> To do
Because the pictures are not wanted, give back only the exact text of every entry below.

> Pictures with short captions
-*-*-

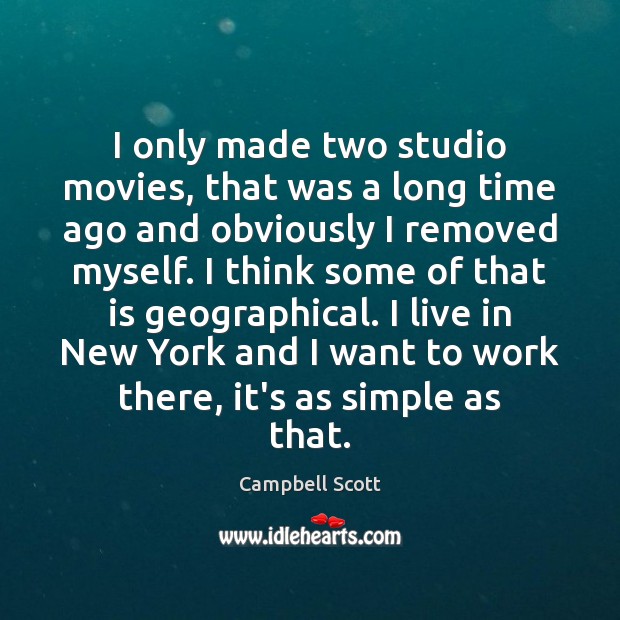 I only made two studio movies, that was a long time ago Campbell Scott Picture Quote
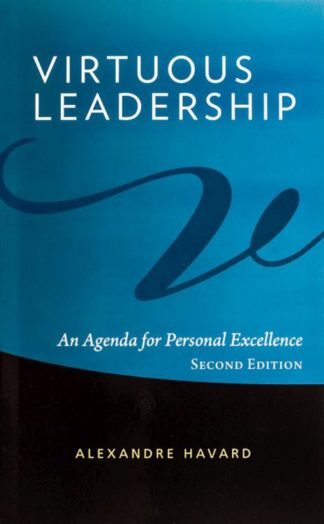 9781594172045 Virtuous Leadership An Agenda For Personal Excellence 2nd Edition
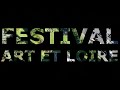 Ref:JCUIc71FcLY Festival art et loire - teaser 2025 - maine-et-loire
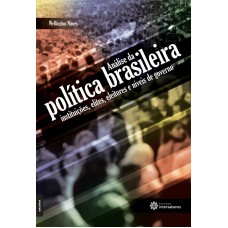 ANÁLISE DA POLÍTICA BRASILEIRA:: INSTITUIÇÕES, ELITES, ELEITORES E NÍVEIS DE GOVERNO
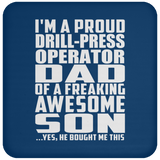 Proud Drill-Press Operator Dad Of Awesome Son - Drink Coaster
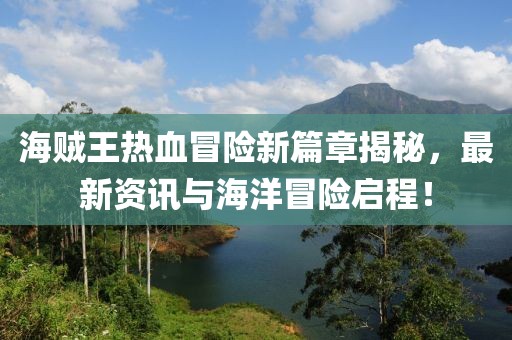 海贼王热血冒险新篇章揭秘，最新资讯与海洋冒险启程！
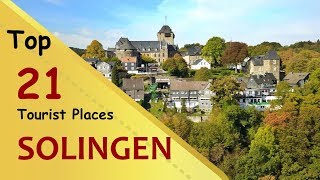 quotSOLINGENquot Top 21 Tourist Places  Solingen Tourism  GERMANY [upl. by Morrell]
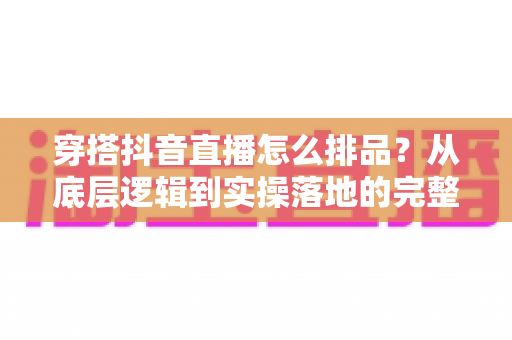 穿搭抖音直播怎么排品？从底层逻辑到实操落地的完整排品攻略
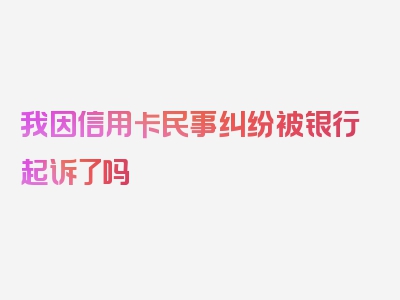 我因信用卡民事纠纷被银行起诉了吗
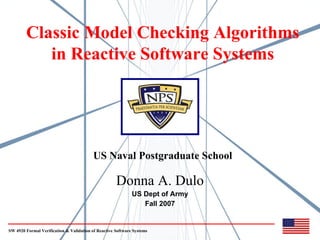 Classic Model Checking Algorithms
           in Reactive Software Systems




                                          US Naval Postgraduate School

                                                     Donna A. Dulo
                                                             US Dept of Army
                                                                Fall 2007


SW 4920 Formal Verification & Validation of Reactive Software Systems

-*-*-

> Solution to the exercise
 I only made two studio movies, that was a long time ago Campbell Scott Picture Quote
 9781594172045 Virtuous Leadership An Agenda For Personal Excellence 2nd Edition
 Ref:JCUIc71FcLY Festival art et loire - teaser 2025 - maine-et-loire
 ANÁLISE DA POLÍTICA BRASILEIRA:: INSTITUIÇÕES, ELITES, ELEITORES E NÍVEIS DE GOVERNO
 Proud Drill-Press Operator Dad Of Awesome Son - Drink Coaster
 海贼王热血冒险新篇章揭秘，最新资讯与海洋冒险启程！
 quotSOLINGENquot Top 21 Tourist Places  Solingen Tourism  GERMANY [upl. by Morrell]
 穿搭抖音直播怎么排品？从底层逻辑到实操落地的完整排品攻略
 我因信用卡民事纠纷被银行起诉了吗
 Classic Model Checking Algorithms
           in Reactive Software Systems




                                          US Naval Postgraduate School

                                                     Donna A. Dulo
                                                             US Dept of Army
                                                                Fall 2007


SW 4920 Formal Verification & Validation of Reactive Software Systems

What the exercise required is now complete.